Historic building in Detroit

The Charlevoix Building (/ˈʃɑrləvɔɪ/ SHAR-lə-voy), also known as Hotel Charlevoix, was a highrise building in Downtown Detroit. It was erected in 1905 and designed by local architect William S. Joy. The building was originally built as a speculative office building, converted into a hotel in 1912, then back into an office building again in 1922, although there is evidence that it was occasionally a mix of both.

The building closed sometime in the 1980s after being purchased by Ralph Sachs. It remained closed and was later added to the Park Avenue Historic District. Despite being the oldest hotel in Detroit at the time, it was demolished in 2013 for neglect. A parking lot currently sits on this site.

==History==
The Hotel Charlevoix was erected in 1905 and designed by architect William S. Joy. It was originally designed in the Beaux-Arts style with a light bay in the center, giving the appearance that the building was divided in two. The Building was originally built as an office building, converted into a hotel in 1912, then back into an office building again in 1922. There is evidence that it was at one point a mix of both. It was a cheaper alternative to others in the area by Lew Tuller. The details were removed in 1953, leaving it bare. The building closed sometime in the 1980s after being purchased by Ralph Sachs.

==Demolition==
The moment Sachs had been waiting for finally came in March 2012 when several bricks fell from the front facade of the Charlevoix, hitting a parked car below and Sachs requested demolition.

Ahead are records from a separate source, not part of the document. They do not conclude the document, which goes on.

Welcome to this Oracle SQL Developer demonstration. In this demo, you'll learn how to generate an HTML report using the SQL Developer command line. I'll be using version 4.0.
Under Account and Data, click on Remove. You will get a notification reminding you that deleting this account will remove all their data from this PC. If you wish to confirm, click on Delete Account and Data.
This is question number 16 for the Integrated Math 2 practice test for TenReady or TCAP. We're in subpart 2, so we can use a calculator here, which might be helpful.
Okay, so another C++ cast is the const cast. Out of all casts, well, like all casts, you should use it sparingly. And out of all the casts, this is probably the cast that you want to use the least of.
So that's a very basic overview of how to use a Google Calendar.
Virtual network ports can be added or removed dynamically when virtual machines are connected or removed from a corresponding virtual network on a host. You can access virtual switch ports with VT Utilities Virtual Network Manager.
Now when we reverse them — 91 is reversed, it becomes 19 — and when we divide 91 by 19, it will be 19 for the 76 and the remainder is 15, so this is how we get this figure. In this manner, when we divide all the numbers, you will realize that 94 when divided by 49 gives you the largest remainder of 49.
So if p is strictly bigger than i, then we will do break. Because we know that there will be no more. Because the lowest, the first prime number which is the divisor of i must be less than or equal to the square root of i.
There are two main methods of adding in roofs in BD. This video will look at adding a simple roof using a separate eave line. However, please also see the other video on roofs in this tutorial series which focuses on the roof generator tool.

On June 13, 2012, the City Historic District Commission held a hearing on the proposed demolition of the Charlevoix. Because the building was in the Park Avenue Historic District, the commission would need to approve the demolition. Sachs was not at the hearing, but his representatives urged the commission to allow for the building to come down, citing the falling bricks; the fact that the building is a frequent target of squatters and urban explorers; the building lacks any historical details; and that Sachs had been unable to find a developer or buyer for the building. They also said that Sachs didn't have the financial means to rehab, secure, or demolish the building himself.

Sachs' representatives did not prove that he couldn't afford to pay for demolition or mothballing the building, nor that the building was in imminent danger of collapse, prompting the HDC to deny permission to demolish the building. Sachs was given fifteen days to submit a plan for the structure. It was unclear what would happen if Sachs did not comply.

On June 23, 2013, workers took down the Charlevoix in one quick demolition. After cutting the steel I-beams supporting the old hotel, cables were used to bring the building down upon itself.